In that same train of thought, Heemer's busiest day of the year is the last day of school, when he goes through every school building and shuts off every non-essential device in the school, such as air handlers and air conditioners.
Air conditioning running all day during the summer months used to be one of the biggest culprits when it came to unnecessary energy being used.
Heemer also works with school administrators to make suggestion how individual buildings can increase their efficiency.
When the program first began, Heemer sat down with the head custodians of district's school buildings and laid down the initial guidelines for the program.
Energy Education Inc. offers guidelines for the program, but individual energy managers can adjust those guidelines as they see fit for their respective districts.

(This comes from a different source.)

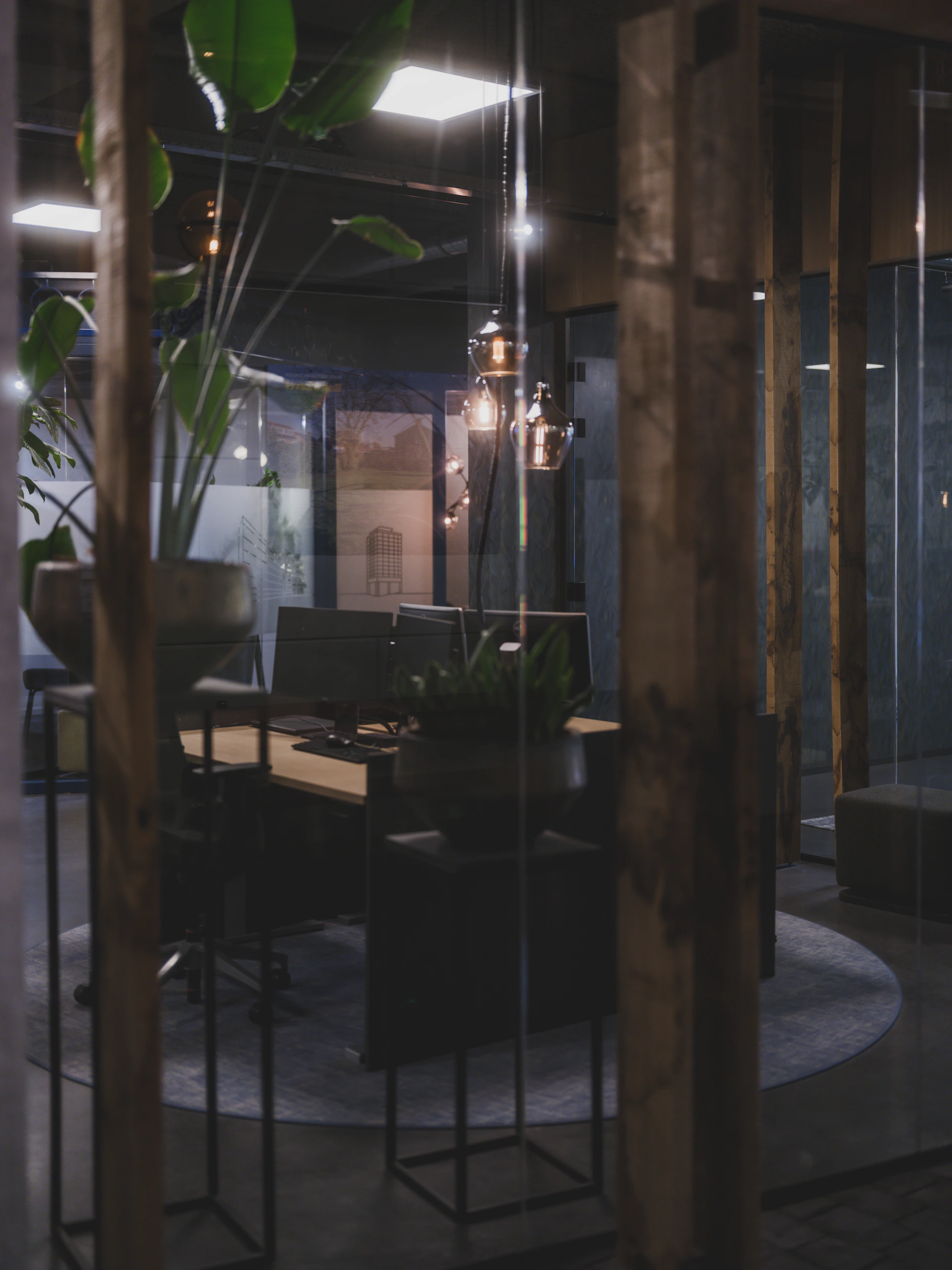 Modern office interior with plants and desk.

Heemer said the night custodians have been the biggest help to him in his job as energy manager.
To track the program's progress of how much money the district is saving, Heemer compiles all the utility bills for each month into a computer program provided by Energy Education, Inc., which then compares current spending against the base fiscal year of 1996-97.
The program also analyzes current weather conditions and adjusts the projected costs accordingly.
The results of the program were evident after Heemer's first month on the job. One of Heemer's first energy saving moves was reducing the night temperature of the boiler at Howard Elementary school.
The night time running temperature for the boiler had been set at 70 degrees fahrenheit, while the recommended setting was 59 degrees.
By lowering the night temperature of the boiler to 60 degrees in Howard School alone, the entire district saw a 20 percent savings in its heating costs.
The school district has saved an average of 25 percent in energy costs in all its buildings since the program was initiated in 1997.
While 25 percent savings is better than most other school districts, Heemer thinks there is room for improvement in the program.